- **THE DATA**
'''
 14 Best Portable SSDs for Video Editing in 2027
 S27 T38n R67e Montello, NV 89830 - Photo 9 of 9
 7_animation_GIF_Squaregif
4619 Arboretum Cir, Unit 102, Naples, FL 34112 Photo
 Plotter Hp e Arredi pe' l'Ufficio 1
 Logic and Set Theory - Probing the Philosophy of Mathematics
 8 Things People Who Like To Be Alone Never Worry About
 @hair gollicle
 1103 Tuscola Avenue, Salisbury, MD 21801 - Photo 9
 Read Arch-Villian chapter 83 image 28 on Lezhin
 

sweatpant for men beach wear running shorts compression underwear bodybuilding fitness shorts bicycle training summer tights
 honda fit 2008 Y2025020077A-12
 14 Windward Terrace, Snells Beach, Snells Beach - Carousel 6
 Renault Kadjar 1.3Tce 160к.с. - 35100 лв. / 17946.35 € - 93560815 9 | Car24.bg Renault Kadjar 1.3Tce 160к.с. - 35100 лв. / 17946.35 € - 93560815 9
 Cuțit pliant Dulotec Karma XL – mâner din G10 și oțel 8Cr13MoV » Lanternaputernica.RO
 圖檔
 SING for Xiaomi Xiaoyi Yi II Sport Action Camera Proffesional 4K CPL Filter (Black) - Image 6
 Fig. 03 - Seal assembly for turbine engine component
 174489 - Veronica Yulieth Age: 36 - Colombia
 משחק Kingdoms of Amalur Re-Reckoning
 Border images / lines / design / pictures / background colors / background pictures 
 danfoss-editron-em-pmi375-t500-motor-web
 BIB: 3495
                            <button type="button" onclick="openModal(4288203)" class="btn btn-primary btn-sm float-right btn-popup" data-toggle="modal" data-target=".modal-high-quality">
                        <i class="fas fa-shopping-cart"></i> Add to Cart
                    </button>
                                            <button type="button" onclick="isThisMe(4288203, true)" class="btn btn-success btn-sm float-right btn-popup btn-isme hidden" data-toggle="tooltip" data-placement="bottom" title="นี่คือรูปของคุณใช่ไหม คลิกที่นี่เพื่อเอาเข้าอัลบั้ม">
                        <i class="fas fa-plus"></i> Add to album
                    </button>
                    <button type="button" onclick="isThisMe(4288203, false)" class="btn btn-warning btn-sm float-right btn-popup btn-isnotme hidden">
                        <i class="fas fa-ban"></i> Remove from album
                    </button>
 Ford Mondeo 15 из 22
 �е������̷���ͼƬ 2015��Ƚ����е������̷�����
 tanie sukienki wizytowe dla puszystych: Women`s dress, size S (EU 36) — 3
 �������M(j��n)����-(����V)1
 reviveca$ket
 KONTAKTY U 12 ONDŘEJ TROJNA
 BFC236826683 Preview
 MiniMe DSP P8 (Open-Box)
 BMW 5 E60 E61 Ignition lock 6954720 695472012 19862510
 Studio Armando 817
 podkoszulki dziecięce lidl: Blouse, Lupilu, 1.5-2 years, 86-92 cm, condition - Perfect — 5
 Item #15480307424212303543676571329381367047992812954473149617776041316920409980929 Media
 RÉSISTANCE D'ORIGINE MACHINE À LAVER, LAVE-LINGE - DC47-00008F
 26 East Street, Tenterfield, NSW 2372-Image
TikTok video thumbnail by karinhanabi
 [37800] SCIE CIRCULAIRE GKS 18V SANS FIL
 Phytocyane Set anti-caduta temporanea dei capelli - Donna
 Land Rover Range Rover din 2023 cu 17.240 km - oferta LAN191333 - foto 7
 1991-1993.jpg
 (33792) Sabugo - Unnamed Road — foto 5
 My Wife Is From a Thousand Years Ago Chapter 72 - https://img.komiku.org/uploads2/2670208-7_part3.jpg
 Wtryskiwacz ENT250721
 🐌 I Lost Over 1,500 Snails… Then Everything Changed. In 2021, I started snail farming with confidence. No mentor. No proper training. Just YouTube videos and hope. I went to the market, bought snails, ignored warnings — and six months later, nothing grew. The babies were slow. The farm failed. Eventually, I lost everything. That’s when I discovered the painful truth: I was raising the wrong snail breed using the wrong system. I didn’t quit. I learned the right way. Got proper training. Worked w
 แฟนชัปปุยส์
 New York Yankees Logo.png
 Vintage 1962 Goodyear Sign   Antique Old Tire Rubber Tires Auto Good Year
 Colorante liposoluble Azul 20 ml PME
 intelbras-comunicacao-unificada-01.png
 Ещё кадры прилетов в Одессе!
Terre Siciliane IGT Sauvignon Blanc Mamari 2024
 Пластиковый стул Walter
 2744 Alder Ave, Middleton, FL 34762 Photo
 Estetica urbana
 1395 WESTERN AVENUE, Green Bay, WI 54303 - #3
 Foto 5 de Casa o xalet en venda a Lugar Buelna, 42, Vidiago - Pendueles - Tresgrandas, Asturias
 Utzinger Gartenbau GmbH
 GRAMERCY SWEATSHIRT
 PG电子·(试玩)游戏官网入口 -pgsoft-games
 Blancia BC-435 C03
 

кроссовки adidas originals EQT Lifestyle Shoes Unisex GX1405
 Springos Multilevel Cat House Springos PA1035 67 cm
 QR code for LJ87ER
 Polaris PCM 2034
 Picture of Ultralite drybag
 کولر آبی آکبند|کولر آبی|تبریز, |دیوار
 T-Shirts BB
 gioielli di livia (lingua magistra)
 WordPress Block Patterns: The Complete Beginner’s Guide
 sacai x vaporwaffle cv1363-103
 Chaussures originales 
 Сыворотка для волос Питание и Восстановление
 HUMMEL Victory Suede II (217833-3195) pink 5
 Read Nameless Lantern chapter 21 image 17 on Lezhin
'''
- **WHAT IS REQUIRED**
Return all of the material precisely as written.

- **ANSWER TO THIS EXERCISE**
 14 Best Portable SSDs for Video Editing in 2027
 S27 T38n R67e Montello, NV 89830 - Photo 9 of 9
 7_animation_GIF_Squaregif
4619 Arboretum Cir, Unit 102, Naples, FL 34112 Photo
 Plotter Hp e Arredi pe' l'Ufficio 1
 Logic and Set Theory - Probing the Philosophy of Mathematics
 8 Things People Who Like To Be Alone Never Worry About
 @hair gollicle
 1103 Tuscola Avenue, Salisbury, MD 21801 - Photo 9
 Read Arch-Villian chapter 83 image 28 on Lezhin
 

sweatpant for men beach wear running shorts compression underwear bodybuilding fitness shorts bicycle training summer tights
 honda fit 2008 Y2025020077A-12
 14 Windward Terrace, Snells Beach, Snells Beach - Carousel 6
 Renault Kadjar 1.3Tce 160к.с. - 35100 лв. / 17946.35 € - 93560815 9 | Car24.bg Renault Kadjar 1.3Tce 160к.с. - 35100 лв. / 17946.35 € - 93560815 9
 Cuțit pliant Dulotec Karma XL – mâner din G10 și oțel 8Cr13MoV » Lanternaputernica.RO
 圖檔
 SING for Xiaomi Xiaoyi Yi II Sport Action Camera Proffesional 4K CPL Filter (Black) - Image 6
 Fig. 03 - Seal assembly for turbine engine component
 174489 - Veronica Yulieth Age: 36 - Colombia
 משחק Kingdoms of Amalur Re-Reckoning
 Border images / lines / design / pictures / background colors / background pictures 
 danfoss-editron-em-pmi375-t500-motor-web
 BIB: 3495
                            <button type="button" onclick="openModal(4288203)" class="btn btn-primary btn-sm float-right btn-popup" data-toggle="modal" data-target=".modal-high-quality">
                        <i class="fas fa-shopping-cart"></i> Add to Cart
                    </button>
                                            <button type="button" onclick="isThisMe(4288203, true)" class="btn btn-success btn-sm float-right btn-popup btn-isme hidden" data-toggle="tooltip" data-placement="bottom" title="นี่คือรูปของคุณใช่ไหม คลิกที่นี่เพื่อเอาเข้าอัลบั้ม">
                        <i class="fas fa-plus"></i> Add to album
                    </button>
                    <button type="button" onclick="isThisMe(4288203, false)" class="btn btn-warning btn-sm float-right btn-popup btn-isnotme hidden">
                        <i class="fas fa-ban"></i> Remove from album
                    </button>
 Ford Mondeo 15 из 22
 �е������̷���ͼƬ 2015��Ƚ����е������̷�����
 tanie sukienki wizytowe dla puszystych: Women`s dress, size S (EU 36) — 3
 �������M(j��n)����-(����V)1
 reviveca$ket
 KONTAKTY U 12 ONDŘEJ TROJNA
 BFC236826683 Preview
 MiniMe DSP P8 (Open-Box)
 BMW 5 E60 E61 Ignition lock 6954720 695472012 19862510
 Studio Armando 817
 podkoszulki dziecięce lidl: Blouse, Lupilu, 1.5-2 years, 86-92 cm, condition - Perfect — 5
 Item #15480307424212303543676571329381367047992812954473149617776041316920409980929 Media
 RÉSISTANCE D'ORIGINE MACHINE À LAVER, LAVE-LINGE - DC47-00008F
 26 East Street, Tenterfield, NSW 2372-Image
TikTok video thumbnail by karinhanabi
 [37800] SCIE CIRCULAIRE GKS 18V SANS FIL
 Phytocyane Set anti-caduta temporanea dei capelli - Donna
 Land Rover Range Rover din 2023 cu 17.240 km - oferta LAN191333 - foto 7
 1991-1993.jpg
 (33792) Sabugo - Unnamed Road — foto 5
 My Wife Is From a Thousand Years Ago Chapter 72 - https://img.komiku.org/uploads2/2670208-7_part3.jpg
 Wtryskiwacz ENT250721
 🐌 I Lost Over 1,500 Snails… Then Everything Changed. In 2021, I started snail farming with confidence. No mentor. No proper training. Just YouTube videos and hope. I went to the market, bought snails, ignored warnings — and six months later, nothing grew. The babies were slow. The farm failed. Eventually, I lost everything. That’s when I discovered the painful truth: I was raising the wrong snail breed using the wrong system. I didn’t quit. I learned the right way. Got proper training. Worked w
 แฟนชัปปุยส์
 New York Yankees Logo.png
 Vintage 1962 Goodyear Sign   Antique Old Tire Rubber Tires Auto Good Year
 Colorante liposoluble Azul 20 ml PME
 intelbras-comunicacao-unificada-01.png
 Ещё кадры прилетов в Одессе!
Terre Siciliane IGT Sauvignon Blanc Mamari 2024
 Пластиковый стул Walter
 2744 Alder Ave, Middleton, FL 34762 Photo
 Estetica urbana
 1395 WESTERN AVENUE, Green Bay, WI 54303 - #3
 Foto 5 de Casa o xalet en venda a Lugar Buelna, 42, Vidiago - Pendueles - Tresgrandas, Asturias
 Utzinger Gartenbau GmbH
 GRAMERCY SWEATSHIRT
 PG电子·(试玩)游戏官网入口 -pgsoft-games
 Blancia BC-435 C03
 

кроссовки adidas originals EQT Lifestyle Shoes Unisex GX1405
 Springos Multilevel Cat House Springos PA1035 67 cm
 QR code for LJ87ER
 Polaris PCM 2034
 Picture of Ultralite drybag
 کولر آبی آکبند|کولر آبی|تبریز, |دیوار
 T-Shirts BB
 gioielli di livia (lingua magistra)
 WordPress Block Patterns: The Complete Beginner’s Guide
 sacai x vaporwaffle cv1363-103
 Chaussures originales 
 Сыворотка для волос Питание и Восстановление
 HUMMEL Victory Suede II (217833-3195) pink 5
 Read Nameless Lantern chapter 21 image 17 on Lezhin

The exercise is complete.